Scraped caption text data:
______
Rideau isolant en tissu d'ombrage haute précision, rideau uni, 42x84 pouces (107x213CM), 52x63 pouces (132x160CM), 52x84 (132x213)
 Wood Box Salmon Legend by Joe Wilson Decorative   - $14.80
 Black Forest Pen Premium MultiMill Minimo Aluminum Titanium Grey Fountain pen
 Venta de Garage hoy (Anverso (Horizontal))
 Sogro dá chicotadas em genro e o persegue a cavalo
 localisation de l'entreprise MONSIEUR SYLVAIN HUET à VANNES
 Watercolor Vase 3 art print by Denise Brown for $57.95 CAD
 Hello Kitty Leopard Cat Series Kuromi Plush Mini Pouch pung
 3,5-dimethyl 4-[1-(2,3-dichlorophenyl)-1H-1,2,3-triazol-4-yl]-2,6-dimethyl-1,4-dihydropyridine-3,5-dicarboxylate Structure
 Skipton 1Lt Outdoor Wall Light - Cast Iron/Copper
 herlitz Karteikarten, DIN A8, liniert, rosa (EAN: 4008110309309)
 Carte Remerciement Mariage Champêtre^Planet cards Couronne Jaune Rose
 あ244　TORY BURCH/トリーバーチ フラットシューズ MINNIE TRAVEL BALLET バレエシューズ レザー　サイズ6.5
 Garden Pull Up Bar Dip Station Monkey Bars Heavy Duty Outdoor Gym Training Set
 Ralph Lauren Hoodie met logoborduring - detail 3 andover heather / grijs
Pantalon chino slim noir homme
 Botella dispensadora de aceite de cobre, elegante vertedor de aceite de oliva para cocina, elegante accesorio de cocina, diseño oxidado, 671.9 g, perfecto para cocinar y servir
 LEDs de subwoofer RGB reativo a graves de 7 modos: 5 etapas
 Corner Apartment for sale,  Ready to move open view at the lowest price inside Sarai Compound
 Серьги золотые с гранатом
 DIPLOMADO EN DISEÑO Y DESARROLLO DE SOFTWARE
______
When you reply, retype each line exactly as it appears above.

▸ **Expected output**:
Rideau isolant en tissu d'ombrage haute précision, rideau uni, 42x84 pouces (107x213CM), 52x63 pouces (132x160CM), 52x84 (132x213)
 Wood Box Salmon Legend by Joe Wilson Decorative   - $14.80
 Black Forest Pen Premium MultiMill Minimo Aluminum Titanium Grey Fountain pen
 Venta de Garage hoy (Anverso (Horizontal))
 Sogro dá chicotadas em genro e o persegue a cavalo
 localisation de l'entreprise MONSIEUR SYLVAIN HUET à VANNES
 Watercolor Vase 3 art print by Denise Brown for $57.95 CAD
 Hello Kitty Leopard Cat Series Kuromi Plush Mini Pouch pung
 3,5-dimethyl 4-[1-(2,3-dichlorophenyl)-1H-1,2,3-triazol-4-yl]-2,6-dimethyl-1,4-dihydropyridine-3,5-dicarboxylate Structure
 Skipton 1Lt Outdoor Wall Light - Cast Iron/Copper
 herlitz Karteikarten, DIN A8, liniert, rosa (EAN: 4008110309309)
 Carte Remerciement Mariage Champêtre^Planet cards Couronne Jaune Rose
 あ244　TORY BURCH/トリーバーチ フラットシューズ MINNIE TRAVEL BALLET バレエシューズ レザー　サイズ6.5
 Garden Pull Up Bar Dip Station Monkey Bars Heavy Duty Outdoor Gym Training Set
 Ralph Lauren Hoodie met logoborduring - detail 3 andover heather / grijs
Pantalon chino slim noir homme
 Botella dispensadora de aceite de cobre, elegante vertedor de aceite de oliva para cocina, elegante accesorio de cocina, diseño oxidado, 671.9 g, perfecto para cocinar y servir
 LEDs de subwoofer RGB reativo a graves de 7 modos: 5 etapas
 Corner Apartment for sale,  Ready to move open view at the lowest price inside Sarai Compound
 Серьги золотые с гранатом
 DIPLOMADO EN DISEÑO Y DESARROLLO DE SOFTWARE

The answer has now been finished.